NASA Perseverance Mars Rover Twin Test

Engineers have tested the Earth Bound pair of NASA’s Perseverance Mars rover for the first time in a warehouse-like assembly room at the agency’s Jet Propulsion Laboratory in Southern California. Credit: NASA / JPL-Caltech

And just as Khant has a proper name – who works hard to get a rover to Mars in the midst of an epidemic – his twin name is also: Ptimism. While Optimism is an acronym for Alpacional Perseverance Twin for the integration of mechanisms and instruments sent to Mars, the name also approves of the mantra of the team that spent two years planning and assembling it.

“No optimism is allowed,” said Matt Stumbo, VSTB Rover’s leading member of the test bed team. “That’s why we named the test rover TTimism to remind us of the work we have to do to fully test the system.” Our job is to find problems, not just Hope Activities will work. As we work on issues with Tpitism, we gain the ability and confidence to work on Mars. “

Almost identical

The ptimism is almost identical to speed: it is the same size, has the same mobility system and top driving speed (0.094 mph, or 0.15 kph), and shows the same distinctive “head”, known as a remote sensing mast. After the second phase of the building at the beginning of the new year, it will have a complete suite of science instruments, cameras and computer “brain” perception, plus its unique system for collecting rock and soil samples.
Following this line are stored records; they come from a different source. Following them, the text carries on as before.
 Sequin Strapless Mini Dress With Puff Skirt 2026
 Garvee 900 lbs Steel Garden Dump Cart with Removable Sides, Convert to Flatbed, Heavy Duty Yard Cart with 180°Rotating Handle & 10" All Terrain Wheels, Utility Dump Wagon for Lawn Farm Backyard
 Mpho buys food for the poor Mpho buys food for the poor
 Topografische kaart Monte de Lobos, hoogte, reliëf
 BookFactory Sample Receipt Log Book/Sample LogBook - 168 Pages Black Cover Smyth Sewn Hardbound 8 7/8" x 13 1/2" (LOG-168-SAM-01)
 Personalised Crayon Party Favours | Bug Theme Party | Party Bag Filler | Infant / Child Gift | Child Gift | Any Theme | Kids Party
But while Tpitism lives in JPL, there are also some earthly differences. For one thing, when power is obtained from a multi-mission radioisotope thermoelectric generator (a type of atomic battery that has reliably operated space missions since the 1960s), the Optimism features a umbilical cord that can be plugged in for electrical power. It also provides a cord Ethernet connection, which commands the mission team to send and receive engineering data back from Optimism without having to install a radio persuasive use radio for communication. Mars comes with a personal heating system to keep it warm in the harsh atmosphere, while Optimism relies on a cooling system for hot Southern California summer management.
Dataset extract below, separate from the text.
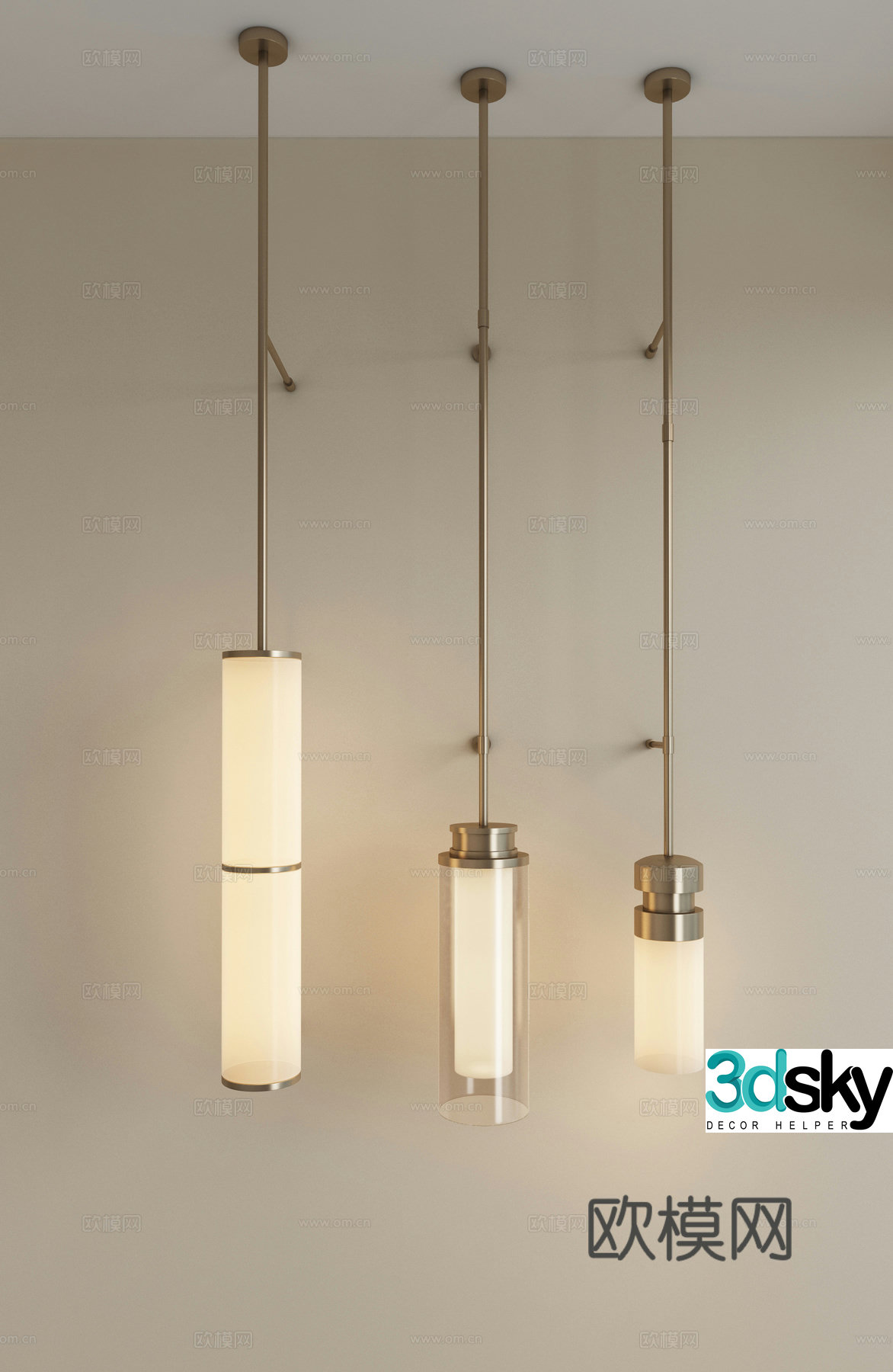 Modern light luxury metal wall lamp long wall lamp corridor wall lamp tool wall lamp bedside wall lamp 3D model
NASA Perseverance Mars Rover Twin Moving

Technicians move the engineered version of the Perseverance Mars rover to its new home in the Mars Yard, part of NASA’s Jet Propulsion Laboratory in Southern California. Credit: NASA / JPL-Caltech

Welcome to the family

TPTism is not JPL’s only VSTB rover. NASA’s Curiosity Mars rover, which has been searching for the Red Planet since landing in 2012, has twins named MAGGI (Mars Automated Giant Gizmo for Integrated Engineering). Maggie Curiosity is helping the team with a strategy to drive through particularly challenging terrain and drilling rocks.

Optimism and Maggie will live together in the Mars Yard, giving JPL engineers a two-car garage for the first time.

“The missions that are operating need highly reliable replicas to test their systems,” Stumbo said. “Curiosity Mission has learned a lesson from MAGGIE that was impossible to learn in any other way. Now that we have Optimism, we have a personal mission on Mars to teach them what they need for success. ”

The Perseverance Rover’s astrobiology mission will search for signs of ancient microbial life. It will also feature the planet’s climate and geology, pave the way for human exploration of the red planet, and will be the first planetary eclipse to collect and cache Martian rock and regolith (broken rock and dust). Subsequent missions, currently in collaboration with the European Space Agency, will send a spacecraft to Mars under consideration by NASA, so that these cached samples can be collected from the surface and analyzed in depth on Earth.

The Mars 2020 mission is part of a larger program that includes a mission to the moon as a way to prepare for the red planet’s human exploration. Accused with astronauts returning to the moon by 2024, NASA will establish a continuous presence on and around the moon by 2028 through NASA’s Artemis lunar research plans.

Operates and manages JPL, Perseverance and Curiosity rovers for NASA operated by Caltech in Pasadena, California.